La FAO e l’OMS stabiliscono che il fabbisogno proteico giornaliero di un adulto in salute sia di 1 grammo X kg di peso corporeo, valore indicativo che nella vita reale è soggetto a fluttuazioni in relazione ad esempio all’attività fisica svolta. Le proteine hanno altri ruoli ben specifici, ma sono comunemente impiegate anche per produrre energia, specialmente durante sforzi prolungati e in condizioni di stress, per questo nelle ultime teorie di allenamento per lo sviluppo di massa muscolare si consigliano allenamenti di breve durata.

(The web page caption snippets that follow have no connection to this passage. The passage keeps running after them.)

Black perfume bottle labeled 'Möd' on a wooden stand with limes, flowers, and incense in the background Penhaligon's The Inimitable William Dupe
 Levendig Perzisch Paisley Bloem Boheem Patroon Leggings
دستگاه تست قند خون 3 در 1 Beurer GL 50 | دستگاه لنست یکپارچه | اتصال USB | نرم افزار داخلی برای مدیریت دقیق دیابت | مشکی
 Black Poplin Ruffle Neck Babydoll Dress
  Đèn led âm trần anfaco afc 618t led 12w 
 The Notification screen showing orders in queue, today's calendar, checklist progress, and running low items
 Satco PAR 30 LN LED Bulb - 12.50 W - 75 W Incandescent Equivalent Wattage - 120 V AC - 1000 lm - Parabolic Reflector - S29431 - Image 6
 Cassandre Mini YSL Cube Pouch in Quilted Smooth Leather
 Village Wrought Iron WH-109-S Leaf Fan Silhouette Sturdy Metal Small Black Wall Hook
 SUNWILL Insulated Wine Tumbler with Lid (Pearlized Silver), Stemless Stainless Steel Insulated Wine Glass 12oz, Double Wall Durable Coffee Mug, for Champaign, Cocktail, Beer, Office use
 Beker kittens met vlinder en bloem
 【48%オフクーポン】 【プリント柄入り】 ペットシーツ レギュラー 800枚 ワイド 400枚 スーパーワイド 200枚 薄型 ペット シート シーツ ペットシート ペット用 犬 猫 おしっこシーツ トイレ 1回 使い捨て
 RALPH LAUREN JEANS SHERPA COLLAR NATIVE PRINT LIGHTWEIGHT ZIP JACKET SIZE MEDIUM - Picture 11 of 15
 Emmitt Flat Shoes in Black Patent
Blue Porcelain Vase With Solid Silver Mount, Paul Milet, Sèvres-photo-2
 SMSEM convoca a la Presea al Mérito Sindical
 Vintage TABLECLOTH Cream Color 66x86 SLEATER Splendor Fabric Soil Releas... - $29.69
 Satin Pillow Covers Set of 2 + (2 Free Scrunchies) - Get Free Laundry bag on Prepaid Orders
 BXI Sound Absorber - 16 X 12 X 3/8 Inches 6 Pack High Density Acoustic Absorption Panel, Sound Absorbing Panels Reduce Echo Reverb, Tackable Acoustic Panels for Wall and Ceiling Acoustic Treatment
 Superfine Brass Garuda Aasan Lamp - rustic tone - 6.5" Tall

Il fabbisogno proteico per lo sportivo è quindi sicuramente superiore a quello di un soggetto sedentario, ma contrariamente a quanto si crede, studi metabolici sull’assorbimento delle molecole proteiche, hanno dimostrato che ad avere un maggior bisogno di proteine non sono i bodybuilders ma gli atleti di fondo che devono supportare lo sforzo per periodi di tempo molto lunghi: Fabbisogno proteico per lo sport

Per chi pratica body building il fabbisogno proteico si aggira sui 1,2-1,5 g X Kg di peso corporeo, dosi superiori non sono giustificate da reali necessità metaboliche (Tarnopolsky 1988).

Una leggera integrazione di proteine può però risultare un interessante alleato nello sviluppo di massa muscolare non tanto per garantire un adeguato fabbisogno proteico giornaliero, (facilmente e preferibilmente raggiungibile con l’alimentazione naturale) ma per garantire la presenza di proteine ad alto valore biologico e quindi fornire tutti gli aminoacidi essenziali, la cui completa disponibilità velocizza la sintesi proteica e quindi lo sviluppo della massa muscolare.